ルネサス エレクトロニクスの主力生産拠点である、那珂工場での火災事故が自動車産業をはじめとする最終市場に大きな影響を与えそうだ。影響を最小限に食い止めるべく、クリーンルームの清掃作業、ならびに焼損した製造装置の入れ替えなどを急ピッチで進めているが、頼みの綱である中古装置の確保が難航する可能性がある。

11台の製造装置が焼損

 同社の説明によれば、3月19日に発生した那珂工場の300mmライン(N3棟)の火災によって、11台の製造装置が焼損。内訳はバンプ/WLP再配線工程向けのめっき装置が4台、配線工程向けのCuめっき装置が3台、残り4台が他のプロセス装置ならびに関連設備となっている。

 火事のあった1階クリーンルームにはもともと、計7台の配線工程向けのCuめっき装置があり、現時点の情報では3台が稼働できる見通しのため、1カ月以内の早期再開に向けては、この3台を活用した生産を念頭に置いているものと見られる。

 現在は火災によって発生した煤の清浄作業など、クリーンルームおよび製造装置の汚染除去を人海戦術で行っていく考えで、製造装置などサプライヤー企業の応援も受け入れて、再開計画を練っているもようだ。

「人気が高く、在庫もあまりない」

 ただ、最終的な目標である火災事故前の生産キャパシティーの水準に戻すには、相応の時間がかかる可能性がある。ボトルネックとなるのが、やはり製造装置の入れ替えだ。

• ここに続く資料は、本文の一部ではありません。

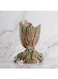 Generic Guardians Of The Galaxy Baby Groot Action Figure Flowerpot Grey/Green 15X9.5X13cm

 トレセンティーズ(日立製作所とUMCの合弁製造会社)の時代も含めて、N3は2000年代初頭に生産を開始した300mmラインであり、設置されている製造装置の型式も非常に古い。ルネサスは早期再開に向けて、中古装置の確保を前提に計画を進めているが、「300mm対応の中古装置は人気が高く、在庫もあまりない」(中古装置業者)状況だ。

 焼損した製造装置のなかには、すでに生産・販売を中止しているものもあり、代替機種も含めたかたちになると見られるが、中古装置として流通する装置はドライプロセス系装置が多い。Cuめっき装置のようなウエット系装置は手入れが大変で、残価設定がしづらく、あまり流通しない傾向もあるという。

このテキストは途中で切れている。